- Action of 15 August 1799: Part of Barbary–Portuguese conflicts
| Date | 15 August 1799 |
| Location | Mediterranean Sea |
| Result | Algerian victory |

Belligerents
- Regency of Algiers: Kingdom of Portugal

Commanders and leaders
- Haji Muhammad Tabah: Inácio P. Pinto (POW)

Strength
- 1 Gunboat 350 men: 1 Brigantine 3 Yachts

Casualties and losses
- Unknown: 1 brigantine captured 1 Yacht sunk/captured +70 men captured

= Action of 15 August 1799 =

The Action of 15 August 1799 was a naval engagement between the Portuguese and the Algerians. The Portuguese brigantine was sailing alongside merchant ships until intercepted by an Algerian ship. The brigantine and a merchant ship were captured by the Algerians.

==Background==
On 16 February 1799, under the command of Captain James Scarnichia, a flotilla consisting of a ship, a frigate, a corvette, and a brigantine, the Lebre Pequeno, set sail from Lisbon. This force provided convoy for several merchant ships heading to various ports in the Mediterranean Sea. In the month of March, the Portuguese naval force left Lisbon escorting 24 merchant ships of various nationalities, including Portuguese, English, and others. On March 29th, the navy arrived at Mahón, on the island of Menorca, and two weeks later, the frigate and the corvette sailed for Barcelona. Due to legal procedures imposed by the Spanish authorities, the brigantine was allowed to set sail on 15 August, providing convoy for three yachts.

==Action==
The Lebre Pequeno was armed with only 14 guns of caliber 4 and had a crew of 70 men. On the way to Barcelona, it was attacked by an Algerian gunboat with 34 guns of calibers 12 and 18, with a crew of 350 men, under the command of Rais Hadj Muhammad Tabah. The Lebre Pequeno was commanded by First Lieutenant Inácio Pereira Pinto.
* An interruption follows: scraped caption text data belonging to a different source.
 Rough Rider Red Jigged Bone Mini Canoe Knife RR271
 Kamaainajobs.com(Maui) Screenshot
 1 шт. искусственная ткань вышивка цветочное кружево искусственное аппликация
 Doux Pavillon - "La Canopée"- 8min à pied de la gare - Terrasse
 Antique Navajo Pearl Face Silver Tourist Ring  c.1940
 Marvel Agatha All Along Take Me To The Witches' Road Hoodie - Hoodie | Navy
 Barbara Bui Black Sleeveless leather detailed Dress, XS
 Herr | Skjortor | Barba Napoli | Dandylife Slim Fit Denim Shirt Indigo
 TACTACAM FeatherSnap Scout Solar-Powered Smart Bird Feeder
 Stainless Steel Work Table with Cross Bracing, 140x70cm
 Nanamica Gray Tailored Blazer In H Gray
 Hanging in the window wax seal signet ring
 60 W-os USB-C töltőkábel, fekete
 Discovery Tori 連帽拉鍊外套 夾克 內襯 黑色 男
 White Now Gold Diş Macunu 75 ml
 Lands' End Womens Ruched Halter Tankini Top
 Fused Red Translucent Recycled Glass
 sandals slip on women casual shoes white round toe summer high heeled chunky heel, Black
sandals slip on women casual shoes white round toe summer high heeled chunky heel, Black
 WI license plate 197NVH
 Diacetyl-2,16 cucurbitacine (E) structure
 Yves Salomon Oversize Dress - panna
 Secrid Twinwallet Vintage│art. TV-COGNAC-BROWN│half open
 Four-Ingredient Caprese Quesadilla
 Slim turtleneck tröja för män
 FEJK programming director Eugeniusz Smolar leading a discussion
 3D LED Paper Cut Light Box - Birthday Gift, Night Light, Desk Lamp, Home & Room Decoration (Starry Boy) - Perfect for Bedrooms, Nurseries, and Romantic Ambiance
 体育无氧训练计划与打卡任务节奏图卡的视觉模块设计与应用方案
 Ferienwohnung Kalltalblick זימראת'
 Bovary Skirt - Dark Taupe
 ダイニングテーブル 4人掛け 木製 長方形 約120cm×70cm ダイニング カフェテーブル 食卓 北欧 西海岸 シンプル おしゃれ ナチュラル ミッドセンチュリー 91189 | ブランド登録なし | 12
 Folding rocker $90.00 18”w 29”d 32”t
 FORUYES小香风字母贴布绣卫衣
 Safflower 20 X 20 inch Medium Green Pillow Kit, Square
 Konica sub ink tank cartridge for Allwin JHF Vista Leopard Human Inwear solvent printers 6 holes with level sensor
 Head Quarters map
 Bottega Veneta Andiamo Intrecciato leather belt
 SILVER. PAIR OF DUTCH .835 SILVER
The Portuguese accepted battle to save the merchant vessels. Despite the strong resistance from the Portuguese ship, the superiority of the Algerians in all areas, including armament and crew training, ended in favor of the Algerians. The Lebre Pequeno ended up surrendering. The lieutenant was wounded, and all the crews were captured. One of the yachts of the convoy was sunk or captured, and its crew captured as well. The combat took place within sight of the fortress of Barcelona.

==Aftermath==
The captives of two ships were taken to Algiers, where they arrived on August 23, 1799. Arriving there, Pereira Pinto immediately sent a letter to the Spanish consul in that regency, complaining about the seizure made under the fortresses of Barcelona, with a notorious violation of the Law of Nations, “of the immunity and decorum of a friendly and allied nation, under whose protection he had taken refuge, in good faith and security of this law recognized by the nations.” The issue was brought to the Vekil Khradj—equivalent to the Minister of the Navy—who dismissed the rais and closed the case, while Spain, certainly out of bad conscience, authorized its consul to provide some financial aid to the captives who had been victims of the incident, aid used to provide for their food. In November 1804, Pereira Pinto managed to escape from captivity.